Who’s Cee

Cordelia Smith-Johnson is a veteran, public servant, and devoted mom running to represent District 70 in the Arkansas House of Representatives. From growing up in a single-parent household in Mississippi to serving in the U.S. Air Force, and now working as a Prevention Coordinator with the Army National Guard, Cordelia has always led with purpose, service, and heart.

She brings deep experience in criminal justice as a former probation officer, a passion for prevention and mental health, and a commitment to uplifting working families. She knows what it's like to grow up with limited resources but unlimited dreams. Now Cordelia is stepping up to fight for others because our community deserves representation that actually listens and serves the people.

DeShawn M., North Little Rock resident

"Cordelia doesn’t just talk about change. I’ve seen her stand up for veterans, working moms, and families who felt forgotten. She’s exactly the kind of voice we need at the Capitol."
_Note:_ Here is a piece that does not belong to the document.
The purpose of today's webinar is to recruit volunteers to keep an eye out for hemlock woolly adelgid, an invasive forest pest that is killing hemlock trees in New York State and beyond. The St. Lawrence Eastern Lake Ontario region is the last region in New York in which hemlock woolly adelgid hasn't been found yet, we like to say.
Angela R., Sherwood resident

"She’s fearless, honest, and shows up when others don’t. Cordelia helped my daughter get connected to resources for education assistance. That’s not politics…that’s heart."

A degree isn’t loud enough

A LIFETIME OF SERVICE: STILL SERVING

Cordelia didn’t grow up with a silver spoon or a family full of connections. What she learned came from experience: hard jobs, real people, and the kind of service that doesn’t make headlines.

She joined the United States Air Force and served nearly nine years, building a career grounded in discipline, leadership, and commitment. After the military, she kept showing up. This time for people society often gives up on.

Cordelia became a probation officer, working directly with those caught in the system. She saw the cracks firsthand: how people fall through them, how cycles repeat, and how the state prioritizes punishment over rehabilitation. That work led her to serve as a Prevention Coordinator for the Arkansas Army National Guard, where she focuses on mental health, crisis intervention, and suicide prevention.

She earned her degree in Criminal Justice, hoping it would open doors to create real change. But after years in the system, she realized something bigger: the system isn’t broken. It’s working exactly as designed. And that design is failing too many Arkansans.

That’s why she’s running for Arkansas House District 70.

Because service doesn’t stop at a job title. And change doesn’t come from the top; it comes from people like her, who’ve been on the ground, who’ve lived it, and who are tired of waiting for someone else to fix it.

Cordelia isn’t a politician. She’s a fighter. And she’s just getting started.

When Arkansas families were blindsided by a proposed school merger between Lighthouse Charter and Jacksonville North Pulaski School District, a move that lacked transparency and threatened students’ stability, Cordelia Smith-Johnson didn’t just speak out. She organized! As the founder and driving force behind the community protest, Cordelia mobilized parents, exposed backroom decisions, and rallied public pressure so effectively that the entire merger plan collapsed under the weight of accountability. What started as a fight for her own child’s education became a movement to protect every student’s future. That’s the kind of leadership she brings: fearless, strategic, and rooted in people first.

The real power of no kid left behind.